You have probably seen examples of LLMs doing the "mirror test", i.e. identifying themselves in screenshots and referring to the screenshot from the first person. That is a genuinely novel question as an "LLM mirror test" wasn't a concept that existed before about a year ago.


Elephant mirror tests existed, so it doesn’t seem all that novel when the word “elephant” could just be substituted for the word “LLM”?


The question isn't about universal novelty, but whether the prompt/context is novel enough such that the LLM answering competently demonstrates understanding. The claim of parroting is that the dataset contains a near exact duplicate of any prompt and so the LLM demonstrating what appears to be competence is really just memorization. But if an LLM can generalize from an elephant mirror test to an LLM mirror test in an entirely new context (showing pictures and being asked to describe it), that demonstrates sufficient generalization to "understand" the concept of a mirror test.


How do you know it’s the one generalizing?

Likely there has been at least one text that already does that for say dolphin mirror tests or chimpanzee mirror teats.


It's not exactly difficult to come up with a question that's so unusual the chance of it being in the training set is effectively zero.


And as any programmer will tell you: they immediately devolve into "hallucinating" answers, not trying to actually reason about the world. Because that's what they do: they create statistically plausible answers even if those answers are complete nonsense.


Can you provide some examples of these genuinely unique questions?


I'm not sure what you mean by "genuinely." But in the coding context LLMs answer novel questions all the time. My codebase uses components and follows patterns that an LLM will have seen before, but the actual codebase is unique. Yet, the LLM can provide detailed explanations about how it works, what bugs or vulnerabilities it might have, modify it, or add features to it.

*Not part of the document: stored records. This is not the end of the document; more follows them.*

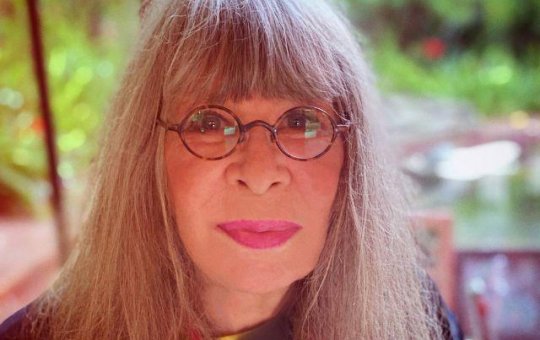 Maria Bethânia, Gilberto Gil e Carlinhos Brown prestam homenagens à Rita Lee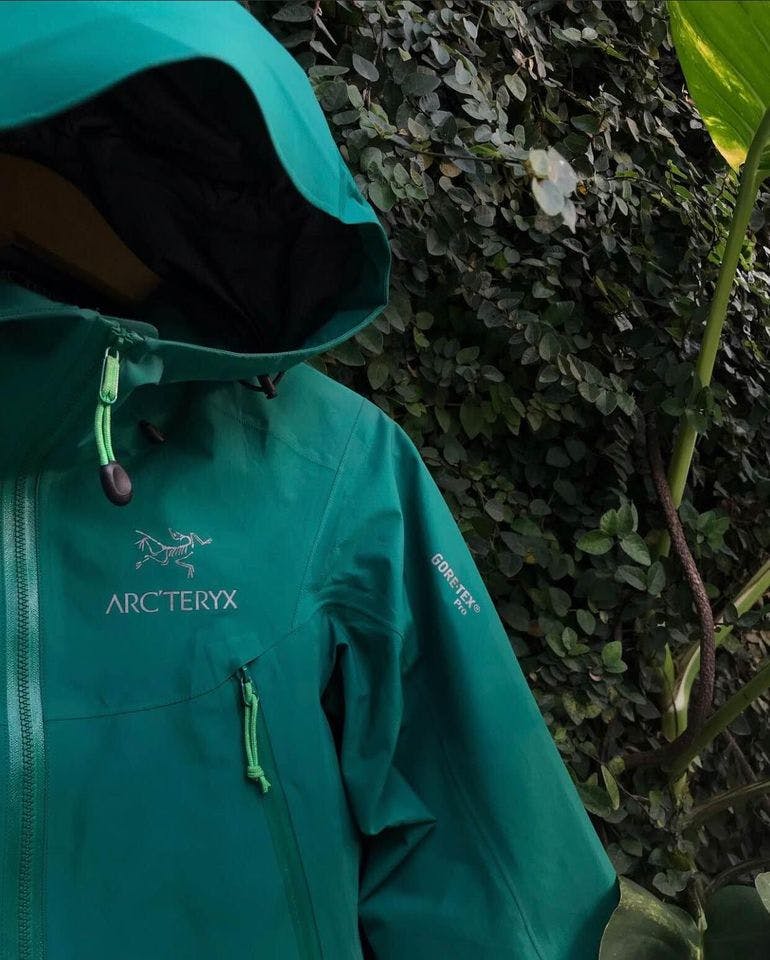 Arcteryx Beta Lt Womens Outdoor Jacket Gore-Tex - 4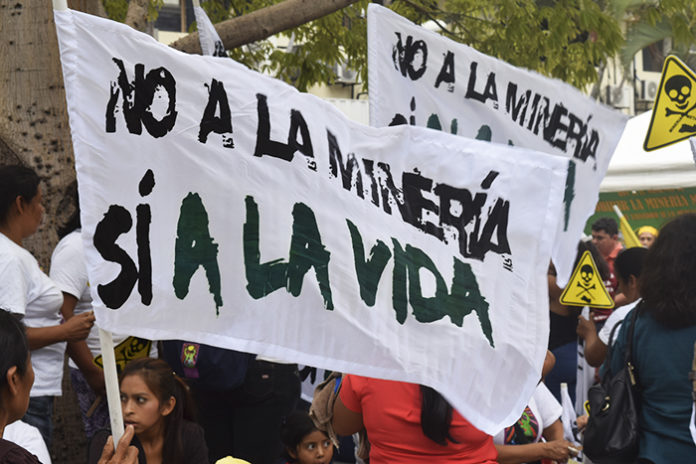 Médicos salvadoreños advierten: la minería es la principal amenaza a la salud pública de nuestro país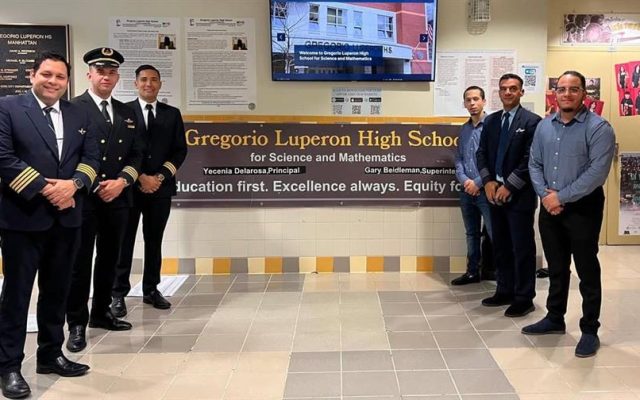 Pilotos de la diáspora buscan aportar a educación aeronáutica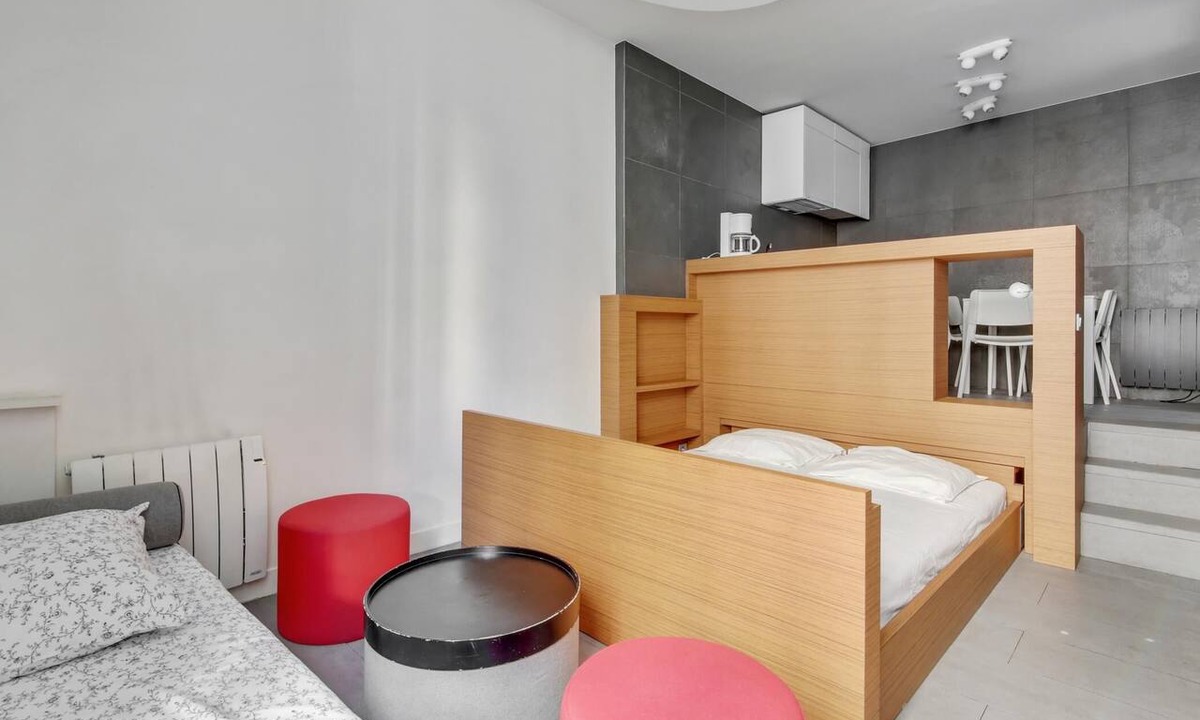 Odeon Apartment | Odéon Confort: Symphony of Elegance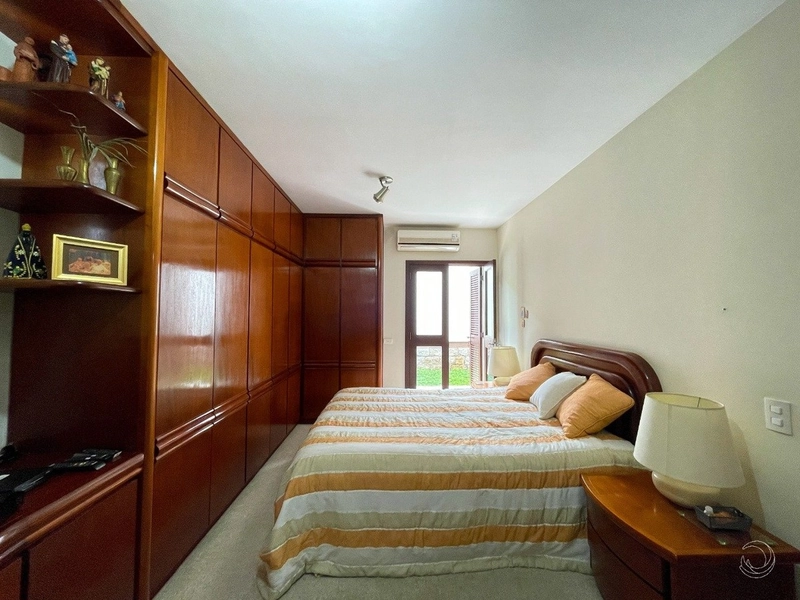 Casa no Itaguaçu a venda com 3 dormitórios 1 suíte e 2 vagas: 10ª foto da galeria de imagens do imóvel
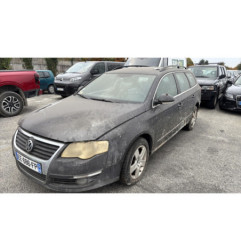 Optique avant principal gauche (feux)(phare) VOLKSWAGEN PASSAT 5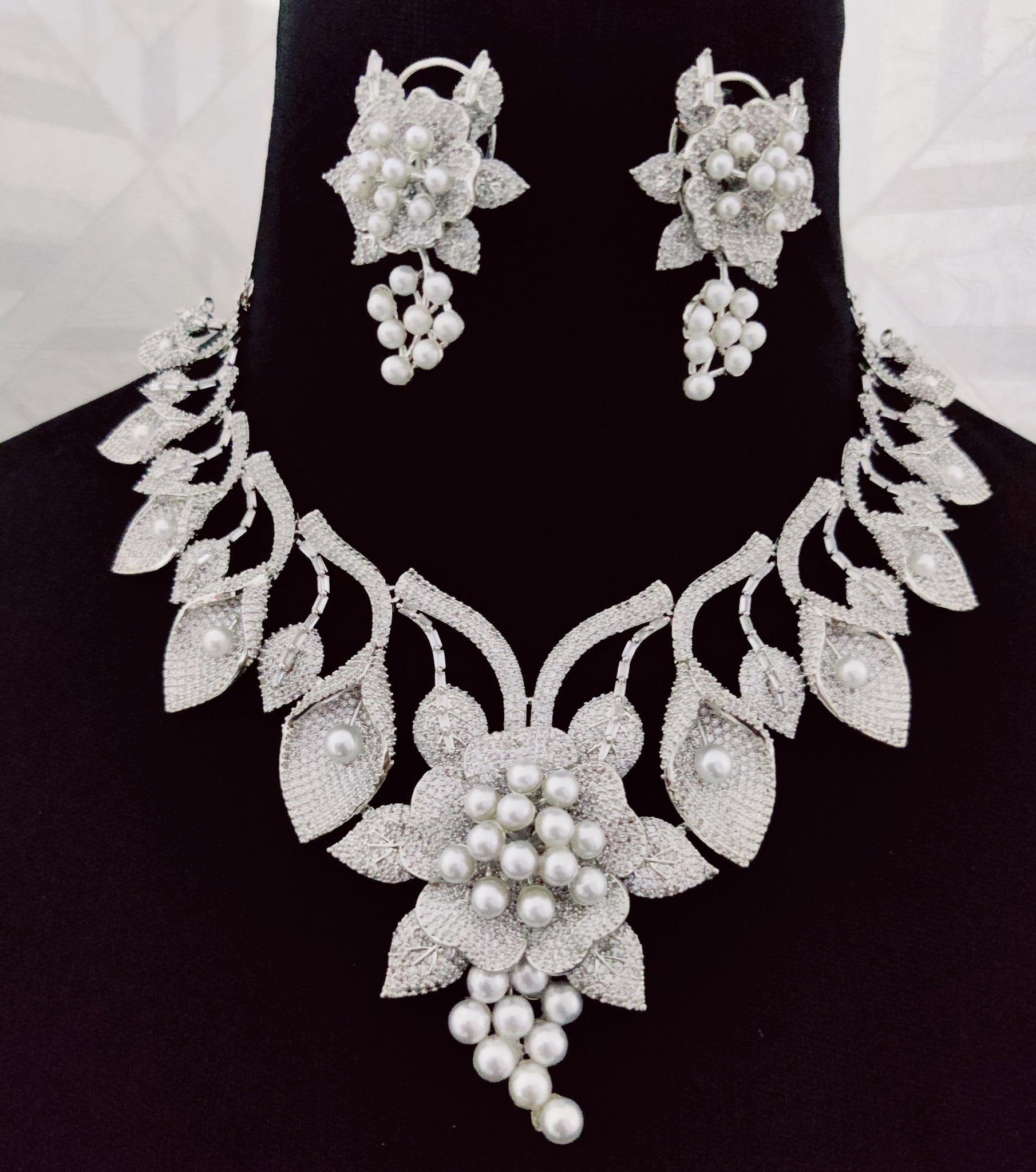 Opal Touch - Enchanting Flower Petals Rhodium Necklace - Necklace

It must not have existed prior in any text database whatsoever.


It certainly wasn't. The codebase is thousands of lines of bespoke code that I just wrote.


Which pretty much every line in it was written similarly somewhere else before, including an explanation and is somehow included in the massive data set it was trained on.

So far i have asked the AI some novel questions and it came up with novel answers full of hallucinated nonsense, since it copied some similarly named setting or library function and replaced a part of it's name with something i was looking for.


And this training data somehow includes an explanation of how these individual lines (with variable names unique to my application) work together in my unique combination to produce a very specific result? I don't buy it.

And...

> pretty much

Is it "pretty much" or "all"? The claim that the LLM simply has simply memorized all of its responses seems to require "all."